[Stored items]
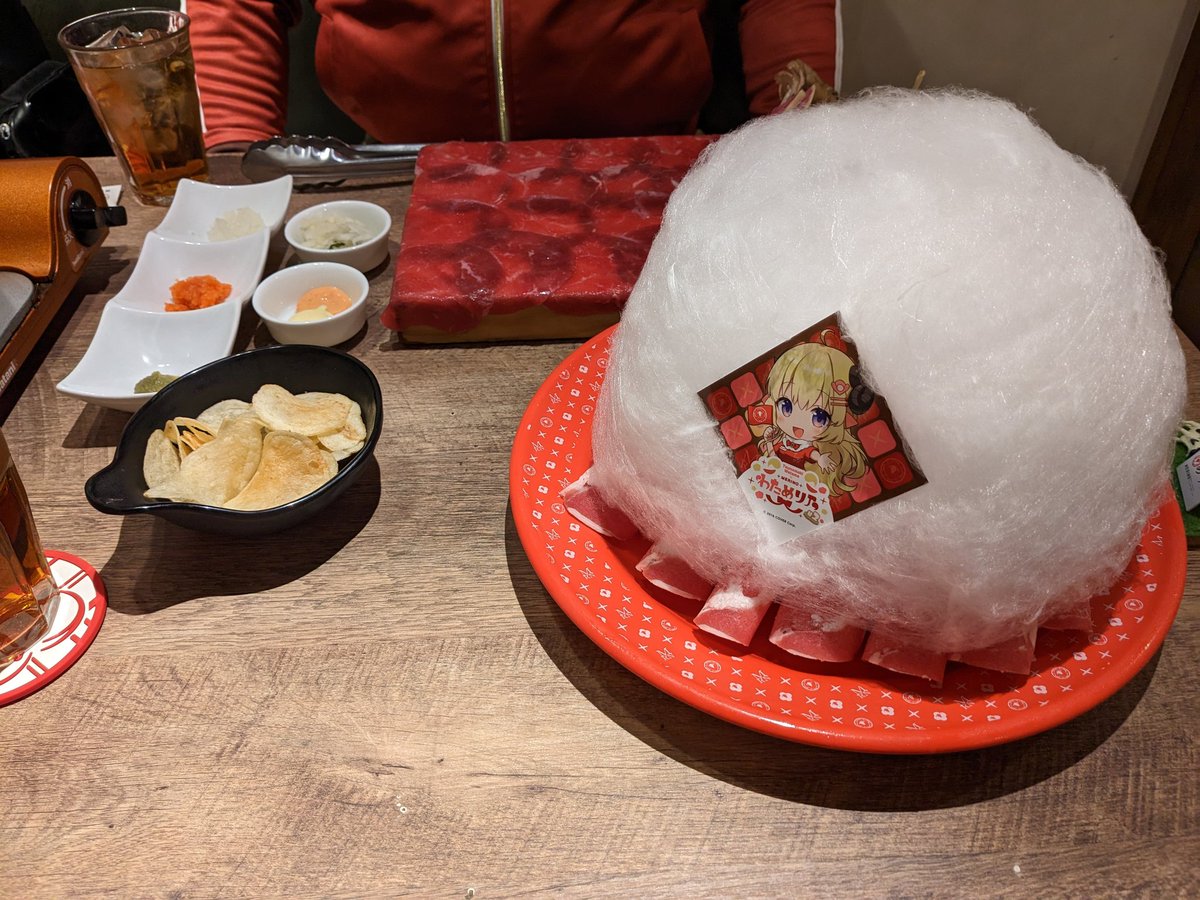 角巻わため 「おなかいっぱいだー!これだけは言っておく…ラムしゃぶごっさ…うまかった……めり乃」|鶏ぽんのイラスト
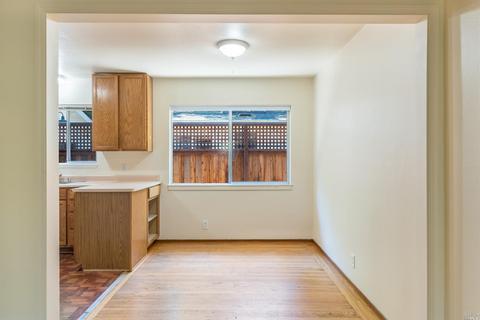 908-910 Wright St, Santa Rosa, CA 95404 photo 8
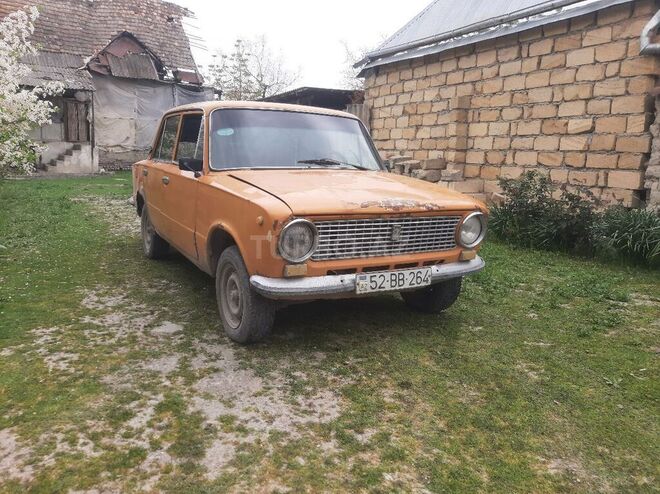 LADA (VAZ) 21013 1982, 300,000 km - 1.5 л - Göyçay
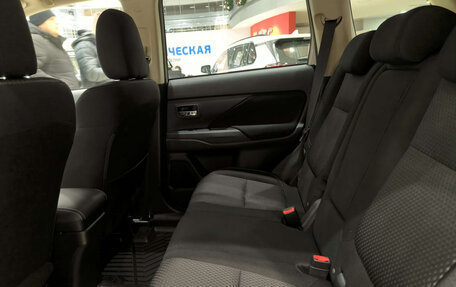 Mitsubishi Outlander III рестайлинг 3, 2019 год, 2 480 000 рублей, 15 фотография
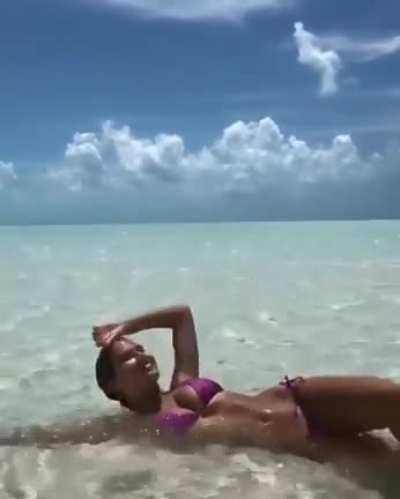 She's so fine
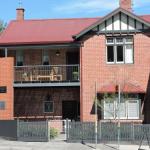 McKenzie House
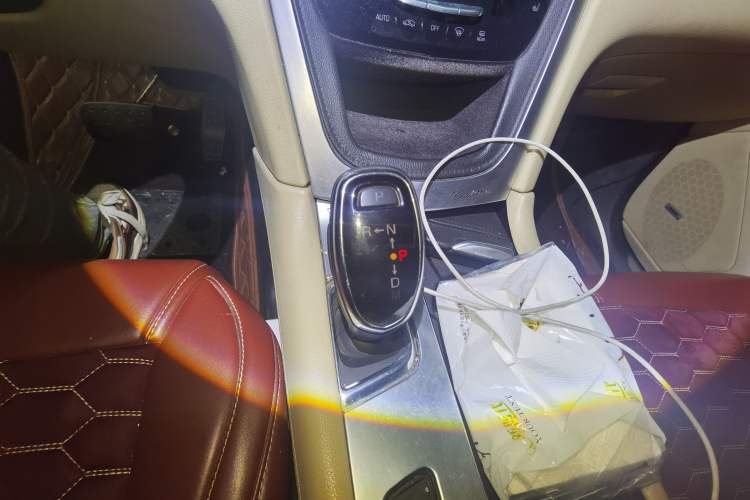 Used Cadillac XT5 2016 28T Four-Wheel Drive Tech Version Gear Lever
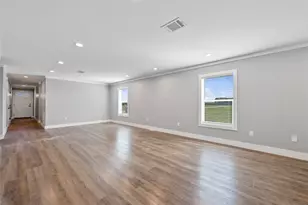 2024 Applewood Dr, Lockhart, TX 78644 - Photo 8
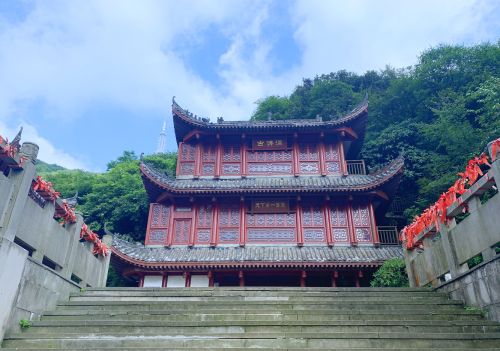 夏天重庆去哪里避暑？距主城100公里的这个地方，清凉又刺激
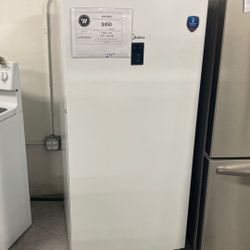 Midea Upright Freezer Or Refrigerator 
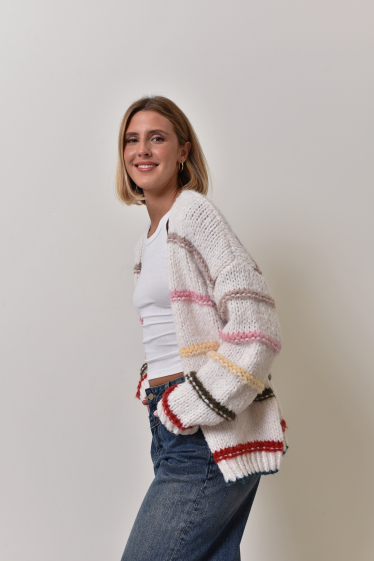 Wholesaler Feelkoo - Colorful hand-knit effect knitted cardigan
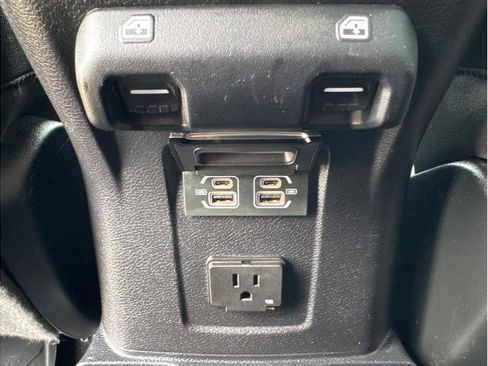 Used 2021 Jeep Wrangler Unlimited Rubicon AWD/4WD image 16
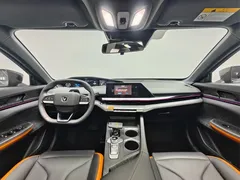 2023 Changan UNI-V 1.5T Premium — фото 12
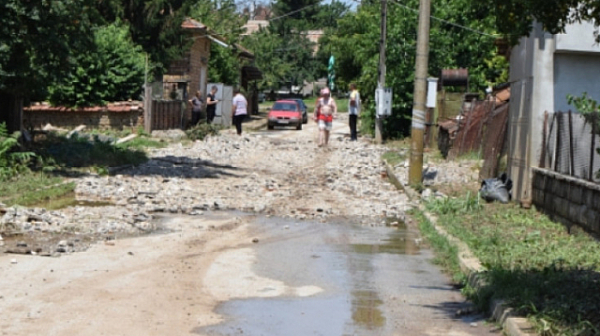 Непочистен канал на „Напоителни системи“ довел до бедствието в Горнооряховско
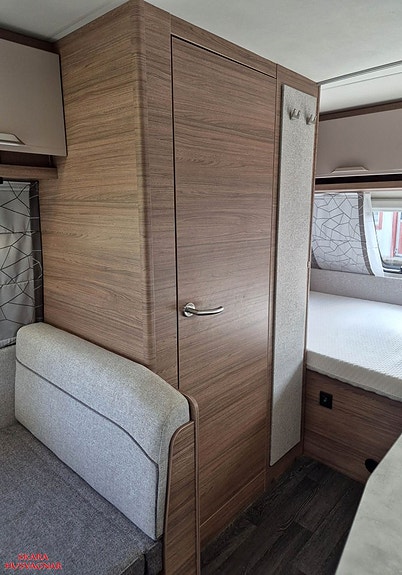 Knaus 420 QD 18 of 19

AIM OF THE EXERCISE:
Using the entries above, transcribe exactly from the line that has "908-910 Wright St, Santa" through the line that has "McKenzie House". Pictures are dropped.

PROBLEM SOLUTION:
 908-910 Wright St, Santa Rosa, CA 95404 photo 8
 LADA (VAZ) 21013 1982, 300,000 km - 1.5 л - Göyçay
 Mitsubishi Outlander III рестайлинг 3, 2019 год, 2 480 000 рублей, 15 фотография
 She's so fine
 McKenzie House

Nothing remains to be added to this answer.